Roma, 28 dic. (askanews) - "Della giustizia tributaria sono tantissime le cose da riformare: l'istituzione di giudici tributari terzi e professionalizzati, dal momento che oggi può capitare di essere giudicati da figure totalmente digiune di nozioni di diritto, peraltro dipendenti della stessa istituzione che riscuote le sanzioni, quindi in palese conflitto di interessi; la semplificazione delle norme tributarie, oggi espressione di una legislazione schizofrenica e contraddittoria che mette i contribuenti e le imprese in una condizione di continua incertezza e vulnerabilità; oppure l'abolizione del principio iniquo e illiberale del 'solve et repete', in virtù del quale per gli accusati di reati tributari è invertito a loro carico l'onere della prova di non colpevolezza, e il pagamento della sanzione precede il giudizio.
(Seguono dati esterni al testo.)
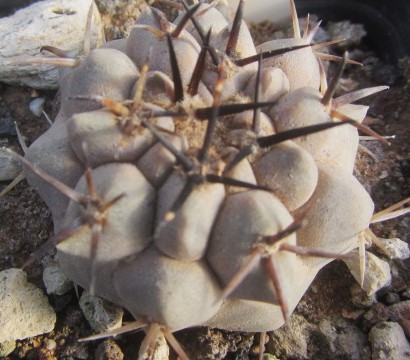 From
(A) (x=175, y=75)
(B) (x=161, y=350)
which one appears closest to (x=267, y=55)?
(A) (x=175, y=75)

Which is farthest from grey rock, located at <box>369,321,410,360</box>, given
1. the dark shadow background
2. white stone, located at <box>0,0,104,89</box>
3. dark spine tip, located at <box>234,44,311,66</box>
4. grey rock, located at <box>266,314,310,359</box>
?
white stone, located at <box>0,0,104,89</box>

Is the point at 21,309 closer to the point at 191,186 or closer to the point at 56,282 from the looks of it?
the point at 56,282

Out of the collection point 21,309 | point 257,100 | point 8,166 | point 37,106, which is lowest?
point 21,309

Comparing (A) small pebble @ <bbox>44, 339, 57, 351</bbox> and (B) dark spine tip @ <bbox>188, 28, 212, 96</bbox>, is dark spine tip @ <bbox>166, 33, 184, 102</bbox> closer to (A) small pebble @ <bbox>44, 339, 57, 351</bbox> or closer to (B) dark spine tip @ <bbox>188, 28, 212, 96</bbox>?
(B) dark spine tip @ <bbox>188, 28, 212, 96</bbox>

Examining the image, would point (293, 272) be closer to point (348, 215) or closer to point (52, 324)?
point (348, 215)

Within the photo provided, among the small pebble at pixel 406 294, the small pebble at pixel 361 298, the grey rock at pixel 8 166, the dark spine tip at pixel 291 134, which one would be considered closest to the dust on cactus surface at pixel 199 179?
the dark spine tip at pixel 291 134

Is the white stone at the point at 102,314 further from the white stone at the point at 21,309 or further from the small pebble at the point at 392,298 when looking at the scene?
the small pebble at the point at 392,298

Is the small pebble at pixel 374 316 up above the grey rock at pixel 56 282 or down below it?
below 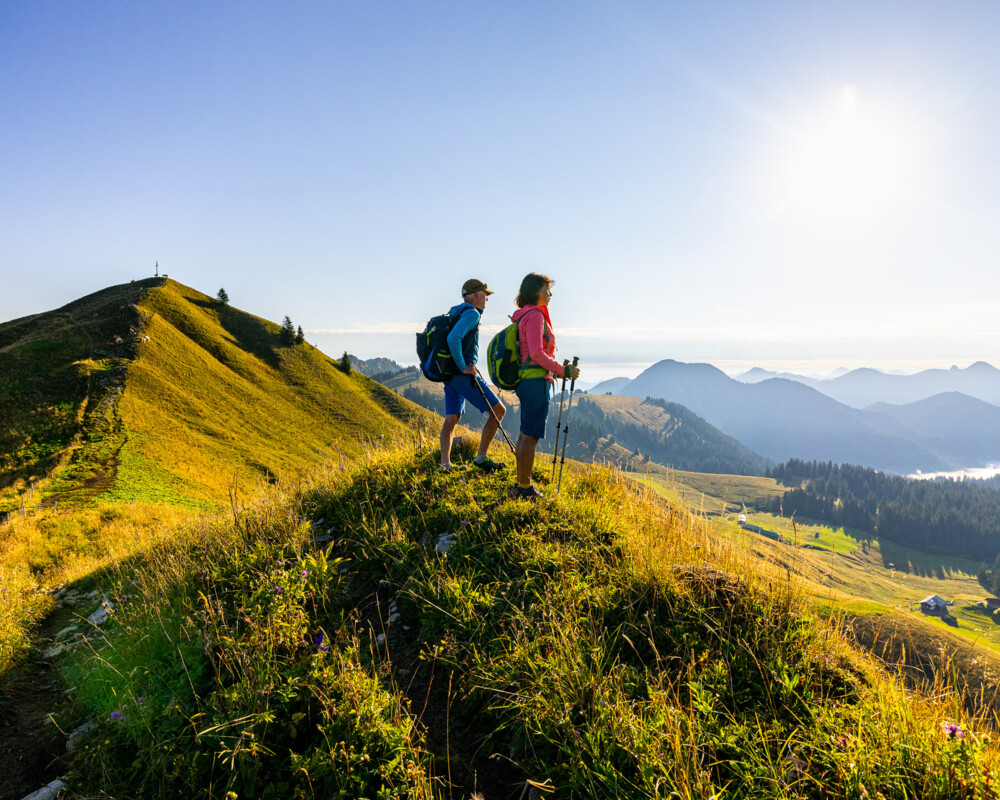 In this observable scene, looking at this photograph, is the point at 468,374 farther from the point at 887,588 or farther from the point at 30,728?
the point at 887,588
Ma per il premier Conte l'urgenza è quella di abolire un grado di giudizio, ovvero una delle ultime garanzie per i contribuenti, e di rendere quindi ancora più arbitraria e kafkiana la giustizia tributaria". Lo dichiara il coordinatore della segreteria di Più Europa, Giordano Masini.
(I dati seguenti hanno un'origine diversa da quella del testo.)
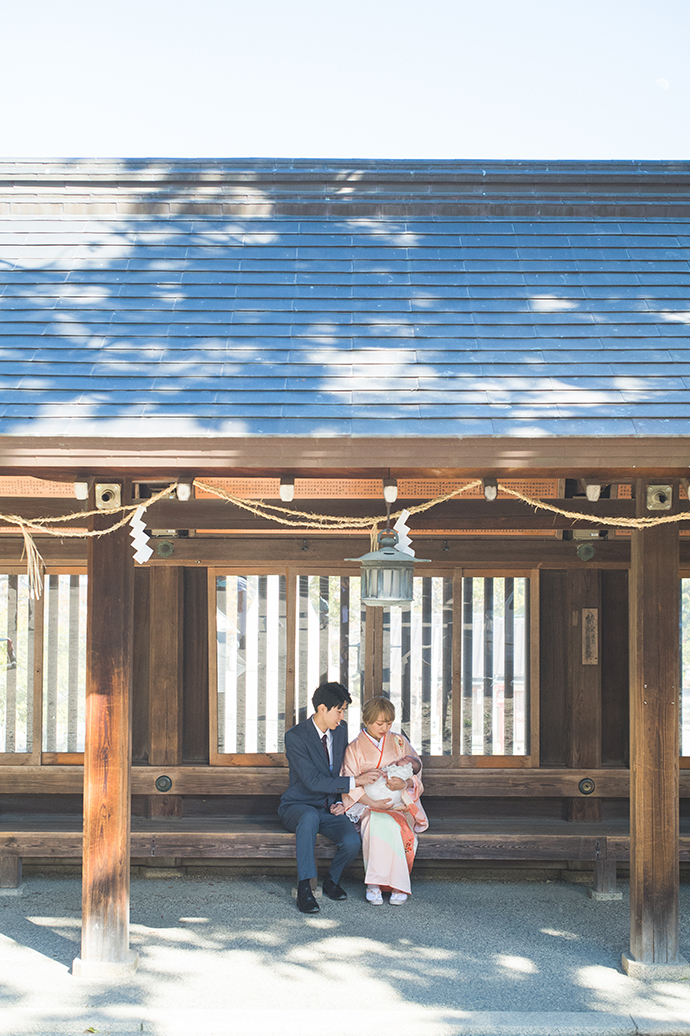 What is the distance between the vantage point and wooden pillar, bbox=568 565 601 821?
6.38 meters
"Speriamo davvero che si tratti di una boutade da conferenza stampa di fine anno: Conte ci ha abituato a elenchi di promesse sganciate dalla realtà. Certo che l'approccio di questo governo ai problemi della giustizia - vedasi l'abolizione delle prescrizione - è molto allarmante e distante anni luci dai principi dello stato di diritto", conclude Masini.